We rebelled, along with a couple of Chinese people on the tour with us, and refused to wait to join the march up the hill, serenaded as we went with the megaphone. We went off on our own with warnings to be back in an hour to reboard to sail back up the river to our original boat for dinner. Naturally we were back in time but the rest of the group weren't! We enjoyed seeing the museum display which showed some of life along the river many years ago and particularly the coffins full of bones. The coffins were so tiny that the skeleton had to be broken up to fit into them. We were all made to go from one 'holding' area to another to get back onto the boat but eventually we ended up back on our boat at 10pm in the evening. It had been a long day! Dinner was served at 10pm and it was to be followed by a party. Jerry and I gave the party a miss but Mel and Renee were made of tougher (younger) stuff and stayed to be entertained with a fashion parade and a game of musical chairs amongst other delights..
During the night we went back down the river again but did not go through the big lock system at the Three Gorge dam. Instead we docked at Sandouping close to the dam. After our early morning wake up call and breakfast we boarded our bus for a quick trip past the dam - it is large! - and headed off back to Wuhan again. We had a lot of fun and am very glad we made the effort to do the cruise. Our bus dropped us off on a street corner in Wuhan five blocks from where they promised to drop us off (we had asked and they had agreed to drop us at the Ramada Hotel) which meant we had no toilets and no plush comfortable surroundings to wait for our train departure time a couple of hours later. We ended up waiting in the train station forecourt which was nowhere as comfortable and made us targets for all the beggars and food sellers.

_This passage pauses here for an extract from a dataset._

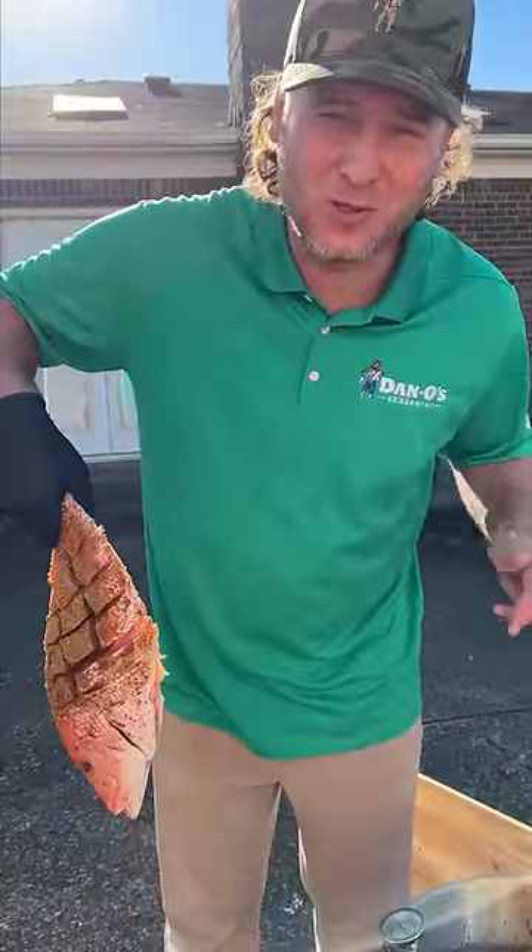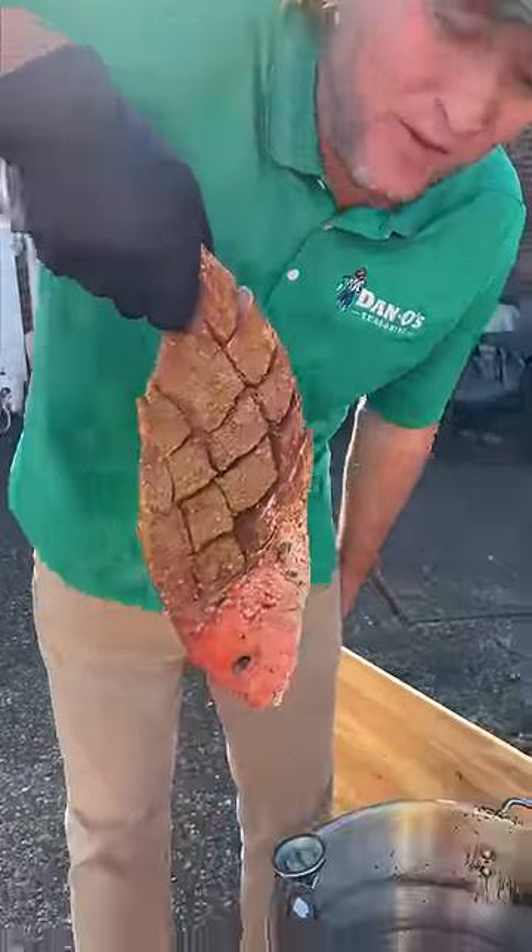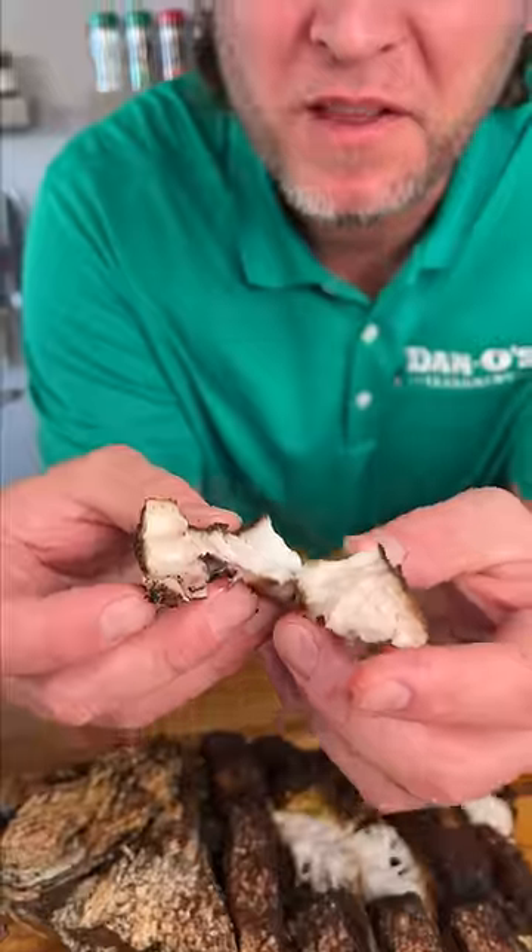We got our oil to 350, and yes it's used oil because we deep fried a turkey today. We're gonna let this little fish go in for a swim — there we go, we got him. Oh, looking juicy, flaky, and delicious. Once again, all you need is Dano's. Yummy, I'm gonna get you some.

Next day Jerry and I started work again though the girls, as they work in a junior (as apposed to our senior) school had the remainder of the week off. Only another six weeks of teaching before the end of term and our 2 months holiday. Mel goes back to Australia in one month and Renee follows a couple of weeks later. We will really miss their company - hopefully their school will find another couple of Aussie teachers as much fun as they are before September. We went for another long walk through the fields again last weekend and feel that we are really starting to get to know the countryside around our town very well now. Tonight we are going to a 'ball' at the school in the canteen. The teachers have invited all the nurses from the No 1 hospital to be guests. Hospitals, like schools are rated here - No 1 being the best. Tomorrow evening we've been invited to have dinner with all the Grade 1 teachers and on Sunday have been invited to a wedding. The best part of my week has been finishing my last lesson plan as it required that I sang 'My Heart Will Go on' twice a lesson! The students sang as well but were very quick to get upset if they couldn't hear me singing along. I have sung it 52 times now and the students have requested a song by the Carpenters next! I've tried playing more modern music to them and they're just not interested!